Eventually, the farm workers poured in, hung their hats and coats on the wooden pegs driven in all around the room's walls, and took their places at the long benches. Ford politely hung his hat on a peg before joining the rest of AR-1 at Sardukann's table.

Sardukann raised his hands and then darted a glance at Ford.

"Ah... Lieutenant mer AR-1," Kina said cheerfully, "it is considered polite on Daunt to take one's hat off while we address the Ancestors."

"Yes, that's why I took my hat off," Ford said. "It's hanging over there."

Kina and Ford's teammates looked from him to his hat, hanging on a peg next to somebody's shovel bonnet.

"That certainly does appear to be your hat," Teyla said carefully, "but your hat is on your head."

Ford blinked.

He slowly reached a hand up to his head.

Sure enough, his hat was on his head. He blinked, shrugged, and took it off.

Everyone in the dining hall stared at him.

Even more slowly, Ford reached up with his other hand and took off his hat.

The silence was deafening.

Ford put one of the hats on the table next to his napkin and felt at his head, just to make sure.

Hat.

"You know, it's probably going to take you a while to work through five hundred of them," Sheppard remarked, mouth quirking into a smile.

"Aren't they supposed to start getting fancy around four hundred or so?" Ford said, a memory of a procession of red hats spiralling up the black-and-white-page coming vividly to mind as he took off two more of his own hats and stacked them on top of the one on the table.

"Hat 451 had two feathers, and so on," Sheppard said. "Of course, your hat has no feathers, so that might screw up the counting a bit."

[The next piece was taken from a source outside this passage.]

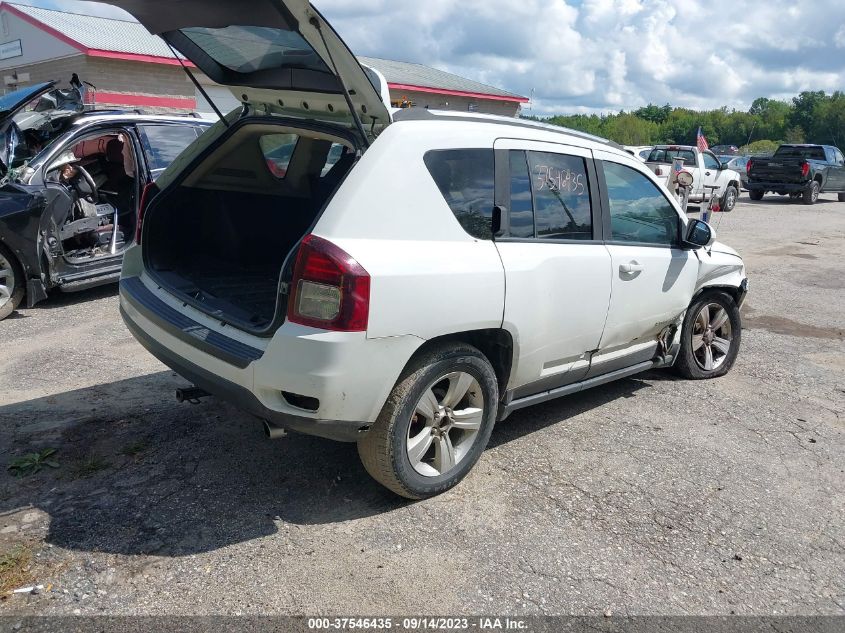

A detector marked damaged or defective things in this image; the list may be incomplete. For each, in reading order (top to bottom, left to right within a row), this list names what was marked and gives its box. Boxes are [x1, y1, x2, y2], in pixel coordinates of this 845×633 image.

"I cannot believe you actually remember that," McKay told him. "No, wait, I can. Oh my God, are you two listening to yourselves? What happens when Ford gets shot at or decapitated or defen-- wait, is it still defenestration if you're pushed off the top of a tower rather than out a window?"

"We are not barbarians," Kina said indignantly. "The Ladonna cover their heads to honor the Ancestors and the Na-amthir would as soon go out without their trousers as without their headscarves, and we do not demand that they do themselves dishonor for our own comfort. Nor do we ask those with injured feet to stand when the rest of us do."

Sardukann cleared his throat, raised his hands again, and boomed "Ancestors! We thank you for the beauty of the day, the ripening of our crops, the health of our people, and especially for the joy you have brought to us and to our daughter Kina with the happy visit of her kinfolk, bearing good news. Grant to us, we beseech you, your good will for us and for our dinner, and in particular to Lieutenant Ford mer AR-1 in his difficulty with his hat. So mote it be!"

"Amen," Ford said dutifully as the rest of the Sardukann household chorused "Make it so!" and sat down.

Dinner on Daunt apparently ran to several kinds of stir-fry, near-chicken and pork sausages, a few other fowl or pork products -- "Bacon," McKay moaned with disturbing intensity, and helped himself to five slices -- some sort of boiled small round grain, and a chilled drink that tasted like iced chamomile tea. It also seemed to be an occasion for fifty conversations at once, and all of AR-1 found themselves fielding questions and explaining that yes, they knew about the Wraith activity, and yes, the City of the Ancestors was at least as wonderful as the stories said, and no, they were not Ancestors themselves, and no, Atlantis was not full of gold and jewels or of gardens where food grew of itself, or they wouldn't be looking to trade for Daunter food, would they?

After dinner, Teyla settled in for a long, comfortable gossip in which she answered all of Kina jen Sardukann's questions about various and sundry people and happenings among the Athosians; Sheppard and McKay debated whether Francesca Annis or Sean Young were hotter, and whether the one movie they'd made together had been awesome or awful; and Ford chatted politely with the older Sardukann women (all of whom commented, at one point or another, that he was such a nice boy) and took off twenty more hats.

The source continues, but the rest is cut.